You may think you have a lot of reasons to stay out of the stock market. Maybe you’re wary of Wall Street. Maybe you've watched stock prices jump around and decided you’d rather not go on that ride. Or maybe you're scared of losing your hard-earned money to something you don’t really understand.
Whatever concerns you might have about the market, there’s one big reason to stick with stocks: inflation.
What’s inflation again?
It's the unfortunate phenomenon of prices going up, which in turn causes the value of our hard-earned dollars to go down. In recent years, inflation’s been pretty low, averaging 1.26 percent in 2016, based on the year-over-year change in the Consumer Price Index, which tracks prices for common items from gas to ground beef. But it’s been on the rise, climbing to 2.5 percent in January (from January 2016).
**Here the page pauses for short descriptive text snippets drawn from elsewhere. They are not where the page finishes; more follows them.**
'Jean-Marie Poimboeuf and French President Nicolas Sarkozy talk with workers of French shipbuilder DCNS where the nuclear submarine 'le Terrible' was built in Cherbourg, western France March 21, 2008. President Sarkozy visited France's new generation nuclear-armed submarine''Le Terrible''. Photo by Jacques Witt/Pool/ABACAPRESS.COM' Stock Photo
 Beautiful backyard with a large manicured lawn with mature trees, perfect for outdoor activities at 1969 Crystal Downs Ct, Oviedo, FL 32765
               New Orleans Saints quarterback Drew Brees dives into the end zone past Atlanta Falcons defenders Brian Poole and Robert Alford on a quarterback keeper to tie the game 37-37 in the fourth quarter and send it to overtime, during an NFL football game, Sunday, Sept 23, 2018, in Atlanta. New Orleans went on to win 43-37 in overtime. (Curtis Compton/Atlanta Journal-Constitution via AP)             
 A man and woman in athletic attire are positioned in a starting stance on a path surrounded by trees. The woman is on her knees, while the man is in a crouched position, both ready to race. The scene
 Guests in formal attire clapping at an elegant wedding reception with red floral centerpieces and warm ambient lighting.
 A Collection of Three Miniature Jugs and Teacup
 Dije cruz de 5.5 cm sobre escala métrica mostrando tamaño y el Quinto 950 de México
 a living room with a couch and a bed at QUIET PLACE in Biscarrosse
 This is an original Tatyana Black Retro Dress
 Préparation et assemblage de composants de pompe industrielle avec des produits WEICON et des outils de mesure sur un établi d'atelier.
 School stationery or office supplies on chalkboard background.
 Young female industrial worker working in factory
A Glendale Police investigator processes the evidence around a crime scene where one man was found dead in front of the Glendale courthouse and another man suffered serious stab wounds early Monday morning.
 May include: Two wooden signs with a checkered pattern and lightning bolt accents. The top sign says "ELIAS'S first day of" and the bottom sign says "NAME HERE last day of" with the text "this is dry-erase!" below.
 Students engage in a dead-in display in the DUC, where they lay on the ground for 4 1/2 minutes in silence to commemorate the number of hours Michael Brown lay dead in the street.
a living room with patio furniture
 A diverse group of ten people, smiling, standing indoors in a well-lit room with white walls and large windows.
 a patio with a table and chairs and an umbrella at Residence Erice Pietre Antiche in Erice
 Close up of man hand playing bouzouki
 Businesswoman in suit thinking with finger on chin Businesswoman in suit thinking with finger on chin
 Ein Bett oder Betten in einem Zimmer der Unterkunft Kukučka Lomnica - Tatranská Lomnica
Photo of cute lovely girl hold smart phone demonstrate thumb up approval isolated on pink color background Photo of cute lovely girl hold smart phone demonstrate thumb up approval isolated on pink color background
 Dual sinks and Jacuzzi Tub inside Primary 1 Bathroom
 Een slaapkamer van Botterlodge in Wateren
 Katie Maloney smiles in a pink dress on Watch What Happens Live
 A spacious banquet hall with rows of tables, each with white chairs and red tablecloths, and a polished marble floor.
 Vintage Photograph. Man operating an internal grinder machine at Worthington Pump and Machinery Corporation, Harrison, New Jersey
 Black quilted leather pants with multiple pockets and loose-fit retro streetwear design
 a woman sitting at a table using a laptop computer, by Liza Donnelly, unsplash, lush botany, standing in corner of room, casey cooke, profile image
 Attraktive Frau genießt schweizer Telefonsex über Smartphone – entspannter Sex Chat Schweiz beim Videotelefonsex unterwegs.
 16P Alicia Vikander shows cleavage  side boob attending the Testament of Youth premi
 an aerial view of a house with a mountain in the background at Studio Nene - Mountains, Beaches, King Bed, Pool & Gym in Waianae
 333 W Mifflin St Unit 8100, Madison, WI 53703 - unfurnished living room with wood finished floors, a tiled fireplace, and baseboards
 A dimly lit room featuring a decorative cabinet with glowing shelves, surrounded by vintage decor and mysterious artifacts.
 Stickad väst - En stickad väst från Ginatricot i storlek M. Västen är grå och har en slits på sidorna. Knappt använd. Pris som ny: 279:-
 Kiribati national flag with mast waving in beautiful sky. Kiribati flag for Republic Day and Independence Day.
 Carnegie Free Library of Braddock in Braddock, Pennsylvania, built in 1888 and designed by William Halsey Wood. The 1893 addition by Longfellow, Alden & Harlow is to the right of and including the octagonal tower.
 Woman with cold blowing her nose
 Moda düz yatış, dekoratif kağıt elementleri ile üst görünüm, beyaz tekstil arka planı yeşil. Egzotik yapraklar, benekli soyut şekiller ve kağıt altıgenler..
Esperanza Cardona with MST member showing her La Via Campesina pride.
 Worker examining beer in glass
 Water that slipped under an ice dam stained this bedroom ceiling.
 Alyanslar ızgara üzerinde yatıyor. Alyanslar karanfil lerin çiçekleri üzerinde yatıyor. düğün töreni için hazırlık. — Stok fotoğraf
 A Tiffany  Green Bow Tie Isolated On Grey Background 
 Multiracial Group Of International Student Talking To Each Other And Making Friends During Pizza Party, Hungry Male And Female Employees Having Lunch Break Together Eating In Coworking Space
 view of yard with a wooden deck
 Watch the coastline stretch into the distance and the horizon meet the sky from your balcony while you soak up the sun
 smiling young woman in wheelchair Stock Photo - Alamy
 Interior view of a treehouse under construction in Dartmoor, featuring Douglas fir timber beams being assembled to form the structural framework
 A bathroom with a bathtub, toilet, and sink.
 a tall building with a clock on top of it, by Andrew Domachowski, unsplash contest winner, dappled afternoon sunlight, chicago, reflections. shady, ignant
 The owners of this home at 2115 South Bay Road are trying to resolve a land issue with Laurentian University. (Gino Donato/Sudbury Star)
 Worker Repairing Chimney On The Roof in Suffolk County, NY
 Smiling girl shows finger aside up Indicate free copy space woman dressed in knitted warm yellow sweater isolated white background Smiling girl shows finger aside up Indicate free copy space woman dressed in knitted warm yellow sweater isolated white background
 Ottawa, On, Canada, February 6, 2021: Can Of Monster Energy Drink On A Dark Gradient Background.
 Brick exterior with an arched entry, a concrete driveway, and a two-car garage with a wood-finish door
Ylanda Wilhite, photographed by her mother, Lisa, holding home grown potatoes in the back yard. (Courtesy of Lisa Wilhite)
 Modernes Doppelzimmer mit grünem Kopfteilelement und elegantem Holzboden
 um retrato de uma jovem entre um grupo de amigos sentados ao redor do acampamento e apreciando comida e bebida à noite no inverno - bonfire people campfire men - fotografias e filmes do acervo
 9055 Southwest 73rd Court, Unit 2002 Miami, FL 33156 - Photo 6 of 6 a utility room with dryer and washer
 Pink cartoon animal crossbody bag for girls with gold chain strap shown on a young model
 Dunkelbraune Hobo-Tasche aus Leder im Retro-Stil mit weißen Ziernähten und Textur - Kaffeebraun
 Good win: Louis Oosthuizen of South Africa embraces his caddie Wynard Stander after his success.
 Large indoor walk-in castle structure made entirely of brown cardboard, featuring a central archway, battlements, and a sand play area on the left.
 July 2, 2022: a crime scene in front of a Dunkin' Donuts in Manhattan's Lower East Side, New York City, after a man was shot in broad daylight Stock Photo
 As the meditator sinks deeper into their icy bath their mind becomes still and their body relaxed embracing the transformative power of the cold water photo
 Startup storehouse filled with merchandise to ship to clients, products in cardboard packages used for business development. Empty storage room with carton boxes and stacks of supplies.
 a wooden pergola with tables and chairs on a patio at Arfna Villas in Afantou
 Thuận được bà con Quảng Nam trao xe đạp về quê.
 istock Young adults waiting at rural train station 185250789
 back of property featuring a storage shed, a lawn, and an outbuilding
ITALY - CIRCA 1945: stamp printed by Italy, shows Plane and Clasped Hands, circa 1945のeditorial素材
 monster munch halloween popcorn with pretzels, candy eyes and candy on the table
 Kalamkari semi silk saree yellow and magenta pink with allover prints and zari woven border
How does that translate to what we’re spending? A gallon of milk that cost $3.07 in January 2007, for example, cost $3.32 in January of this year. And coffee went from an average of $3.29 to $4.47 per pound in the same period.
Why do prices go up?
It’s mostly about supply and demand. High demand for products, as well as a low supply of products, will push prices higher. Also, if our country’s money supply were to go up—either via our central bank, the Federal Reserve, or due to rising wages—it could also boost inflation. (More money in circulation means more money to spend means more demand for products.) If production costs were to rise, companies might also increase prices to compensate.
Companies can raise prices arbitrarily, too, but the competition inherent in our capitalistic system provides limits there.
What does all this have to do with investing?
Inflation’s effects on your spending are probably clear: higher inflation = lower purchasing power = hello, tighter budget. One way to overcome that is by investing. “In other words, if we do nothing and sit on the sidelines when it comes to investing, we are, in fact, losing money,” says Certified Financial Planner Vid Ponnapalli.
For example, if you were to stuff $1,000 under your mattress, assuming the average inflation rate of 3.25 percent, that money would be worth just $726 in 10 years. Just to maintain the $1,000 value, you’d have to earn at least 3.25 percent on your savings. Considering that the best savings accounts are offering 1.35 percent yields now, according to Bankrate (and most are offering far less), one of the only ways to keep up with inflation is to invest in stocks.
But investing is risky, too...
Which is why it’s important to build a well-diversified portfolio with a mix of stocks and bonds, and also small-, mid- and large-cap company stocks in a variety of sectors. Investing in funds, like exchange-traded funds (ETFs) is a relatively low cost way to gain exposure to hundreds of different stocks at once.
Anything else I should know about inflation?
Remember that inflation can vary for different types of expenses. For example, when Certified Financial Planner Marguerita Cheng accounts for inflation in her clients’ financial plans, she assumes a 3-percent inflation rate in general, but a 7-percent increase for college costs. (Ouch.) And she adds retirement healthcare costs as a separate line item altogether.
So take your personal situation into account, and do some research, when you’re figuring out how much to save and invest and thinking about how inflation may affect you.